This might not been a big news for you, but for me it was the first time I came across this issue. Normally my job is more to put make a website the more visible possible but this time I was asked to remove some information that is not think to be public.
Okay, easy I’ll modify the robots.txt …
So the robots.txt is a file read by search engines to know what they are allow to display from a website.
The syntax is quite easy:
To allow spiders unlimited access to your entire site:
User-agent: *
Disallow:To block search engines to the entire Web site:
User-agent: *
Disallow: /
Notice the importance of detail: the single forward slash in the disallow command blocks the entire site from being indexed by the search engines. The forward slash covers the entire directory of files in that domain.To disallow specific directories or files:
User-agent: *
Disallow: /cgi-bin/
Disallow: /images/
Disallow: /includes/
Disallow: /pdf/admin.pdf
Extracted from thekarchergroup.
Now I could tell Google or other search engines to don’t index the files I wanted but I still had an issue: how can I tell search engines to remove those files from the cache?

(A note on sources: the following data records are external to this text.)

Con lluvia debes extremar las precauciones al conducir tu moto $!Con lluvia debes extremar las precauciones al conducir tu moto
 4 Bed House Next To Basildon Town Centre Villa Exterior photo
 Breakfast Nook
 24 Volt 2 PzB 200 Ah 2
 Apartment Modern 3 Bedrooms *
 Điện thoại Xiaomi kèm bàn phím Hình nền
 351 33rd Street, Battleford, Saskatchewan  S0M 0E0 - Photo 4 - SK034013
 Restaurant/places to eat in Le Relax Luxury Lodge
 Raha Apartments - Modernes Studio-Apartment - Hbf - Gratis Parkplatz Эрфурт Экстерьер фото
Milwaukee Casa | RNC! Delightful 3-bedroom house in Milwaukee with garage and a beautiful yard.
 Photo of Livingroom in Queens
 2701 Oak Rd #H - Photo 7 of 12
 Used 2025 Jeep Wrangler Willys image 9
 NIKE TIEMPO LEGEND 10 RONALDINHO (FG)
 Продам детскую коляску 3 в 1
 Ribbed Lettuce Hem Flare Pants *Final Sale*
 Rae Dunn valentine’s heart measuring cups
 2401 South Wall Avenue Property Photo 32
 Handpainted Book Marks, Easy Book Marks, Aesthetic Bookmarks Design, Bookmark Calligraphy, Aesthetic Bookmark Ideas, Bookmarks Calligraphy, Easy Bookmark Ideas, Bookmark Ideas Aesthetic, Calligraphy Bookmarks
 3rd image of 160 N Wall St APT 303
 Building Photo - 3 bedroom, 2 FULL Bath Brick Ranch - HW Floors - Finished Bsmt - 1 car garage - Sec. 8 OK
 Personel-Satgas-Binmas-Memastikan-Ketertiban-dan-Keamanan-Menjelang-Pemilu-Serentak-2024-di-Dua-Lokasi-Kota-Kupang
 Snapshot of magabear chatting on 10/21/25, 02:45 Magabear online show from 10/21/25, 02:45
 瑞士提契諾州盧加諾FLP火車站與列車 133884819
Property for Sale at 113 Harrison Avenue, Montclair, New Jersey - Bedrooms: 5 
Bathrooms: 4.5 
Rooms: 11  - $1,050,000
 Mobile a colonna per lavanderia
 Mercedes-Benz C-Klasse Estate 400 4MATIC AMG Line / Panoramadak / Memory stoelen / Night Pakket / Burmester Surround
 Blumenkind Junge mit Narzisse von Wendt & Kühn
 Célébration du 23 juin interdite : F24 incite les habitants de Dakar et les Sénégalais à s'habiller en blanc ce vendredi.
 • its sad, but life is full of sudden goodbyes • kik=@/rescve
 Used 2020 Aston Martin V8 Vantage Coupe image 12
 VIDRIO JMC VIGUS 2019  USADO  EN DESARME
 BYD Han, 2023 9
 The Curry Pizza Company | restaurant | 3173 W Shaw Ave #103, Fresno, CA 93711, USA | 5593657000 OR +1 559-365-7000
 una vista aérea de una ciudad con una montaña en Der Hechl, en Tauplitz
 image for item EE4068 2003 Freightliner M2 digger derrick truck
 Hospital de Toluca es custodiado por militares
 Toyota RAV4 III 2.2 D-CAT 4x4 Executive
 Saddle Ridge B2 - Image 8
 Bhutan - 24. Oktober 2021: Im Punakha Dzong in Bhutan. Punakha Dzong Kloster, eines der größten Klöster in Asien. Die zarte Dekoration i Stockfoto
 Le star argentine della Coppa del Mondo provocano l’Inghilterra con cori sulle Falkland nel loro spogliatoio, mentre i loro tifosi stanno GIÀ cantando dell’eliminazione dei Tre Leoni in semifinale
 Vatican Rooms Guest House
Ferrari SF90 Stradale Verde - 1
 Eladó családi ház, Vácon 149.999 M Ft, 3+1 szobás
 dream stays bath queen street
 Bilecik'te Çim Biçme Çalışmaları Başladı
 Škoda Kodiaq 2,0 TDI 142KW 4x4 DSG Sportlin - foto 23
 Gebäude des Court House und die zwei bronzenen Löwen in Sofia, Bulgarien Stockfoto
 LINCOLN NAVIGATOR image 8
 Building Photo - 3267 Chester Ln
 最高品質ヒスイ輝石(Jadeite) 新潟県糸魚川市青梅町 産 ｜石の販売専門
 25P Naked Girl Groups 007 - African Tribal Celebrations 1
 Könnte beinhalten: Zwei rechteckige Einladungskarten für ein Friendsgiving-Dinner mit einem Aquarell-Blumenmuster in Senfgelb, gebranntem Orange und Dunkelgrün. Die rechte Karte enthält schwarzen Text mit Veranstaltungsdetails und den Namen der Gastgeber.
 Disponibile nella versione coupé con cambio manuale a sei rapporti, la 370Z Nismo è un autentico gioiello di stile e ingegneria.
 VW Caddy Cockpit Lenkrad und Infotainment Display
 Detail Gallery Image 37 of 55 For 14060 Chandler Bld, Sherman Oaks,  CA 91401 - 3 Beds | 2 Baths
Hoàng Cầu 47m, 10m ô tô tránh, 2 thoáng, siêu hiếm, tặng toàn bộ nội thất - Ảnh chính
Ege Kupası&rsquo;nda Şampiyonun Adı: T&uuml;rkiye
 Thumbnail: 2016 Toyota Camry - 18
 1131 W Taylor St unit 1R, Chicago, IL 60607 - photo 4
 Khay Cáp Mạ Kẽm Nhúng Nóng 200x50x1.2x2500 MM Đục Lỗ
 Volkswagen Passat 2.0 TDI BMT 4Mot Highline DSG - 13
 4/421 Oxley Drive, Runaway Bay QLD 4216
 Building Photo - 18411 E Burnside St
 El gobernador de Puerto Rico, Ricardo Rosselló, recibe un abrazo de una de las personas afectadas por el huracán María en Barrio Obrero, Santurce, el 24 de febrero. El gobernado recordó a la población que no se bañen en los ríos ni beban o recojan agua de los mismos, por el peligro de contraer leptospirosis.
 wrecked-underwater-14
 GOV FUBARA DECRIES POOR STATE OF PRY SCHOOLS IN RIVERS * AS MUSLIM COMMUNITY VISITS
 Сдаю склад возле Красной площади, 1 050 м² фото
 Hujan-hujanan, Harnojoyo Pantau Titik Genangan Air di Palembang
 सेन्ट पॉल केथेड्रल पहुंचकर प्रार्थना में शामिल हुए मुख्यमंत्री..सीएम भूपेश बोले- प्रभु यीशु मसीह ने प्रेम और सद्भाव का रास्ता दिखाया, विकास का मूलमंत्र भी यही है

For Google it’s only a question of some copy-paste. With Google Webmasters you can go to Diagnostic >> URL Removals. Then in one day or two your content will be removed from the cache and their index.
For other search engines it is not so easy, it’s seems that we have to wait until they remake index of the website before change take place.
Maybe in case of sensible information not well protected it’s easier to remove them completely from your server until the cache is refreshed, or use your .htaccess to make user unable to read the files.
Or is there another way to clear the cache of Yahoo and Live?
Ahmet
I’ve never understood why people wouldnt want to block a search engine to their website?
If you dont want a search engine seeing a page then I would have thought you wouldnt want joe public loking either, so you could just make it secure?
Sure I would, but if my files are secure I don’t even need to block search engines. They simply can’t access. In this case I was working on files that became private with time and once you are in a search engine cache it become difficult to hide.